United States News Digest
Lott Defends Bestial Treatment of Iraqi Prisoners
In an interview with WAPT-TV in Jackson, Miss., Sen. Trent Lott (R-Miss), asked about the prisoner abuse at Iraq's Abu Ghraib prison, said that, "some of the prisoners should not have been prisoners ... [they] probably should have been killed," the Washington Post reported June 3. Lott went further to say, "Hey, nothing wrong with holding a dog up there, unless the dog ate him."
In response to a question about the death of a prisoner apparently after a beating, commented that "this is not Sunday school; this is interrogation; this is rough stuff." This is not the first time that Lott's remarks have gotten him in trouble. Lott was forced to step down as Senate Majority Leader after making what many viewed as racist comments in December 2002. Lott said that the country would have been better off had former Sen. Strom Thurmond, who ran as a segregationist, had won his race for the Presidency in 1948.
GOP Congressmen Fear Bush Coattails in November
Syndicated columnist Robert Novak reported, in his June 3 column in the Washington Post, that conservative Republican Congressmen want Bush to stop talking about his programs on education and on prescription drugs, because it just angers their constituents. When Bush meet with GOP members of Congress in May, he got a very cold response on these issues. While they were home during the recent recess, many Congressmen were asked by their constituents if they, the voters, wouldn't be better off with John Kerry as President, and a Republican majority in Congress opposing him.
If Bush is defeated, Novak forecasts, there will be an enormous internal explosion within the GOP between those diverse forces which are now temporarily held together, by the effort to get Bush reelected. And many Republicans fear that if Bush loses, they may also lose control of the Senate, and perhaps even the House, this fall.
Democrats Encouraged by South Dakota Victory
The narrow victory in South Dakota by Democrat Stephanie Herseth, in the special election to fill the House seat vacated by Bill Janklow, who resigned after being convicted and jailed for a fatal automobile-motorcycle accident, is raising hopes that Democrats could retake the majority in the House of Representatives this fall. The Republicans had sent in their big guns, including Vice President Dick Cheney, First Lady Laura Bush, and House Speaker Dennis Hastert, to campaign for the Republican candidate. The Democrats would have to gain a net 11-12 seats to control the House.
Lyndon LaRouche noted that, whether or not the Democrats are able to accomplish this, and to capitalize on Bush's weaknesses, depends on what happens at the Democratic Convention in July.
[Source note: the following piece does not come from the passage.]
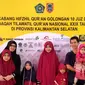 Aiptu Wahyu Wiguna bersama istri dan lima putrinya yang penghafal quran. (foto: liputan6.com/ Aslam Mahfuz)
The only way to revitalize the Party, is for Kerry's advisers and the DNC to permit an open convention, in which LaRouche is a full participant, and in which there is a full policy debate.
No Budget This Year?
Congressional Republicans are considering not passing a budget at all this year. Some in the GOP would rather not deal with a budget that would force them to specify how the tax cuts that President Bush wants to make permanent, would be paid for. There are four Republican hold-outs, joined by most Democrats, who are demanding rules to force Congress to include in the budget, either spending cuts or tax increases in other areas, to offset the cost of any new tax cuts.
An editorial in the New York Times June 3, entitled "Fiscal Shenanigans," says that the voters have the right to know what Federal programs will be sacrificed to pay for Bush's tax cuts. The article, which cites a Tax Policy Center report, also says that the voters have a right to see the whole picture, including the downside. Chances are they won't like the view.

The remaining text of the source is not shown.